Naar de uitingsvormen der kunst geven we het volgende overzicht:
a) graven. In tegenstelling met de lijkverbranding bij de eigenlijke Italici vindt men reeds in de oudste tijden der Etruskers het begraven van het lijk in de zgn. fosse (grafkuilen). Speciale grafvormen zijn: de tombe a corridoio, gangvormige graven, in de rots uitgehouwen; de circoli, ronde grafheuvels met meerdere graven binnenin; de koepelgraven, soms met vierhoekigen onderbouw (vgl. → Myceensche graven); en vooral de in de rotsen uitgehouwen of soms uit rotsblokken kunstmatig opgebouwde grafkamers, veelvuldig versierd met reliëfs en muurschilderingen (→ Caere; → Praeneste). Opvallend zijn in de oudste graven de kunstvoorwerpen van Egyptische, Phoenicische en Grieksche afkomst.
b) Bouwkunst. Deze is ons het meest bekend uit hun tempels. Gebouwd op een hoogen onderbouw bezaten zij een ruime, op zuilen steunende voorhal, waarachter in verband met hun godentrias drie godencellae naast elkander: templum tripartitum () (Lat., = driedeelige tempel). Hieruit ontwikkelde zich de Romeinsche tempel. De zuilen van den Etruskischen tempel rustten op een voetstuk, hadden een gladde schacht en werden bekroond door een gewelfden → echinus, die aan den Dorischen bouwtrant doet denken. De bovenbouw bestond uit hout en het balkwerk was met terra-cottaplaten bedekt; ook de gevelgroepen en acroteria waren van gebakken leem. Beteekenisvolle resten zijn gevonden o.a. in Marzabotto, Tarquinii, Veii, Fiesole. Van de profane bouwwerken der Etrusken is ons weinig bekend. Hun ommuurde steden lagen gewoonlijk op een heuvel, o.a. Cortona, Vetulonia, Fiesole. Het schema van hun stratennet is ons bekend uit Marzobotto. Zeker in hun stedenbouw, waarschijnlijk ook in hun bogenbouw bij bruggen en poorten hebben de Etruskcn grooten invloed uitgeoefend op de Romeinen.
c) Plastiek. Marmer ontbreekt; het gewone materiaal is tufsteen, kalken zandsteen, albast en travertijn, ook speciaal als tempelversiering terracotta en leemen figuren. Bekend is de Archaïsche Apollo van Veii, terwijl uit de 5e en 4e eeuw v. Chr. merkwaardige specimina van een aparten stijl in zandsteenreliëfs uit Felsina bewaard zijn, de zgn. Certosastijl. De bronsplastiek is vooral in kleinere wijgeschenken vertegenwoordigd. Onder de grootere bronzen voorwerpen zijn o.a. bekend de Mars van Todi in het Vaticaansch Museum (4e eeuw v. Chr.) en de → Chimaera van Florence. Hun portretkunst getuigt van sterke veristische tendenzen.

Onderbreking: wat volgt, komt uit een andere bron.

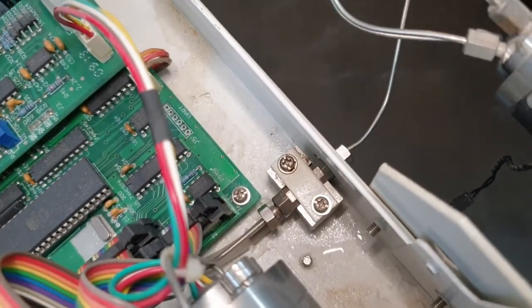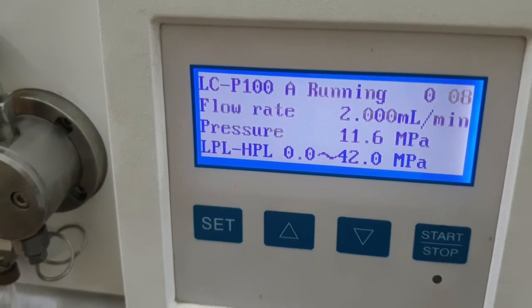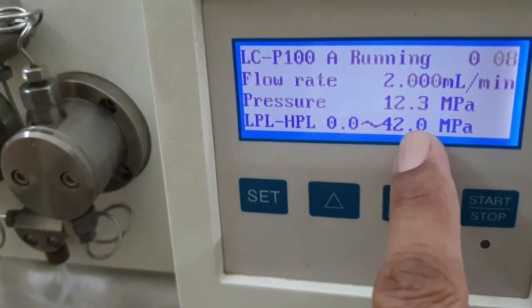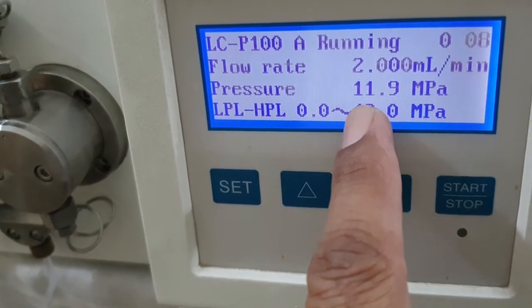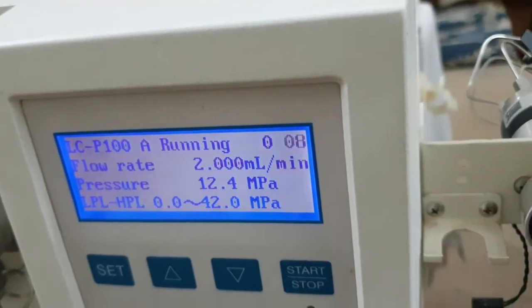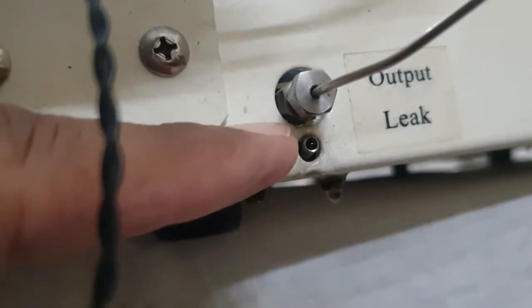Now we will rectify this problem. The flow rate is set at 2 ml per minute and the pump is in running mode. The back pressure is 11.9 MPa, but the limit is 0 to 42 MPa. It should be more than 12 — because of the leakage somewhere inside the pump, the pressure is low. We can see the drain point and check if there is any leakage from that part.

d) Schilderkunst. De beste getuigenissen van de Etruskische schilderkunst leveren de fresco’s van de Etruskische grafkamers, opkomend in de 6e eeuw, met een hoogen bloei in de 5e en 4e e., waarna een snel verval intreedt. Een eerste groep muurschilderingen, vooral 6e eeuw, staat sterk onder invloed van Corinthische en Ionische voorbeelden; de scènes zijn uit de mythologische wereld, de kleuren als bij de ceramiek. De oudste schilderingen zijn uit de Grotta Campana in Veii (misschien nog 7e eeuw). Een tweede groep, 6e en 5e eeuw, vooral in Cometo vertegenwoordigd, omvat vooral scènes uit het dagelijksch leven en uit den doodencultus: maaltijden, dansen, wedstrijd, jacht en vischvangst, doodenklacht. Een derde groep, vertegenwoordigd in Cometo en vooral in Chiusi, vertoont verband met den Attischen rood-figurenstijl van de 5e eeuw, en is veel levendiger in voorstelling en gelaatsuitdrukking. Een vierde groep, beïnvloed door de Grieksche schildertechniek uit den tijd van den Peloponnesischen Oorlog, geeft levendige voorstellingen uit de onderwereld, waarbij mythische wezens als Charun en Tuchulcha een rol spelen.
e) Kleinkunst en ceramiek. Allerlei voorwerpen uit de kleinkunst wijzen op de hooge ontwikkeling van de goudsmeedkunst en bronstechniek der Etrusken, met name fijn geciseleerde voorstellingen op de achterzijde van bronzen spiegels. Naast invoer van Grieksche vazen vindt men in de 7e eeuw drie inheemsche ceramieksoorten: een ruw aardewerk, dat spoedig plaats maakt voor de zgn. Buccherovazen, waarnaast een roode ceramiek met gestempelde reliëfs. De Etruskische ceramiek schijnt in het verloop der eeuwen sterk beïnvloed te zijn geweest door Grieksche en Grieksch-Campaansche ceramiek.
W. Vermeulen Lit.: Ducati, Storia dell’ arte Etrusca (1927); Mühlestein, Die Kunst der Etrusker (1929).